In the background are a couple of SAS Macro’s you will need to install and then call to do the load. There is also some pretty good documentation available to help you get started, but I can’t seem to find a copy on any public SAS website.
So you will have to ask your friendly SAS account manager for the doco if you want to have a go.

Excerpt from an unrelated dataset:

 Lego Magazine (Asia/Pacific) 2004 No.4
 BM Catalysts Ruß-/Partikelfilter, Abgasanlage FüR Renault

Posted by Shane Gibson on March 11, 2008
A SAS stored process is a SAS program that is hosted on a server and described by metadata. One of the major values of stored processes is that they can be consumed by most SAS reporting tools, including SAS Portal, Web Report Studio, Enterprise Guide and the Addin for Microsoft Access.
I have always been a big fan of using them as I believe they are great for creating predefined business rules which users can consume in their reports without having to define any code.
There is an interesting paper at SUGI 31 Making your own Balanced Scorecard using the SAS Information Delivery Portal that describes how a combination of Stored Processes and the SAS Portal can be used to present users with a Balanced Scorecard.
Now if it was me I would have used SAS Strategic Performance Management , but then I hate reinventing the wheel.
But I think the paper shows how with a combination of SAS Portal and Stored Processes, ”there ain’t much you can’t do.